Age category	IRR [90% Conf. Interval] Weight

35-44	5.736638 1.704271 33.61646 52407	(exact)
45-54	2.138812 1.274552 3.813282 43248	(exact)
55-64	1.46824 1.044915 2.110422 28612	(exact)
65-74	1.35606 .9626026 1.953505 12663	(exact)
75-84	.9047304 .6375194 1.305412 5317	(exact)

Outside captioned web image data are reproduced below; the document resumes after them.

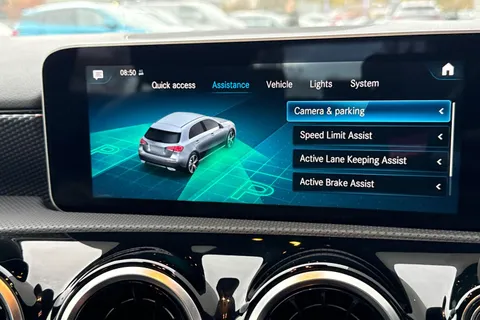 LL69YWT Mercedes-Benz A Class 1.5 A180d Sport (Executive) 7G-DCT Euro 6 (s/s) 5dr Thumbnail #48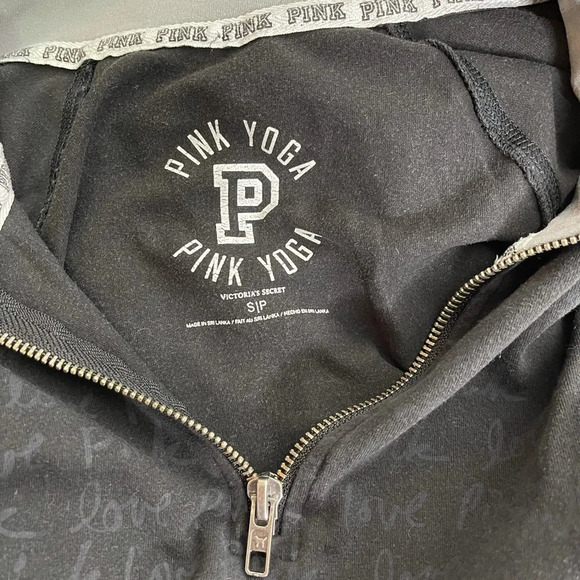 🛍️3/$40 Pink Victoria’s Secret Yoga Black Logo Pullover Sweatshirt  Size Small - Picture 5 of 5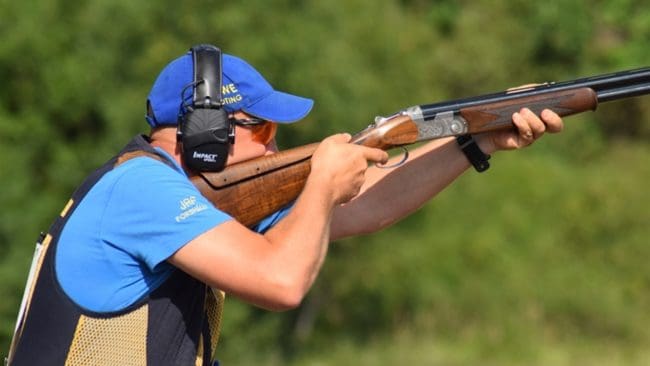 Förbundsstyrelsen ska ta fram ett skyttereglemente för det skytte som bedrivs i avdelningar och distrikt.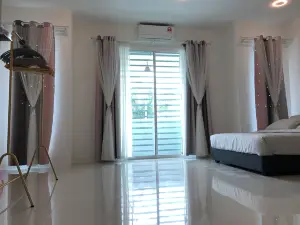 Ipoh Paradise Homestay 4Br @ Station 18 (13 Pax)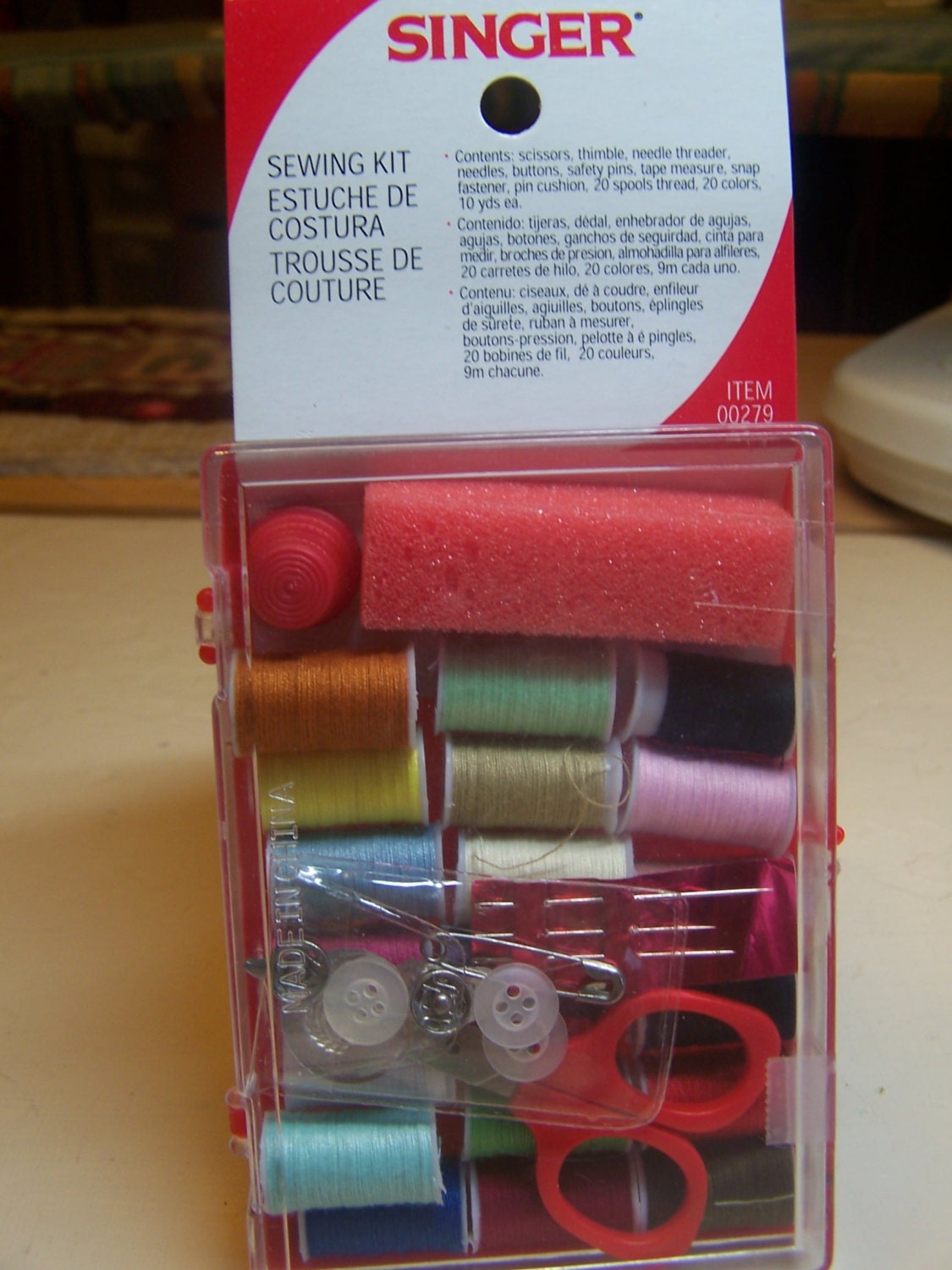 SALE Singer Sewing Box Kit from DebbiesBusyBee on Etsy Studio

Crude	1.719823 1.437544 2.0688	(exact)
I. Standardized	1.417609 1.186541 1.693676

If we want the externally standardized ratio (weights proportional to the population of the unexposed group), we can substitute estandard for istandard above.

References

Boice, J. D., and R. R. Monson. 1977.: Breast cancer in women after repeated fluoroscopic examinations of the chest. Journal of the National Cancer Institute 59: 823–832.

Doll, R., and A. B. Hill. 1966.: Mortality of British doctors in relation to smoking: observations on coronary thrombosis. In Epidemiological Approaches to the Study of Cancer and Other Chronic Diseases, ed. W. Haenszel. National Cancer Institute Monograph 19: 205–268.

Rothman, K. J., S. Greenland, and T. L. Lash. 2008.: Modern Epidemiology. 3rd ed (Revised). Philadelphia: Lippincott Williams & Wilkins.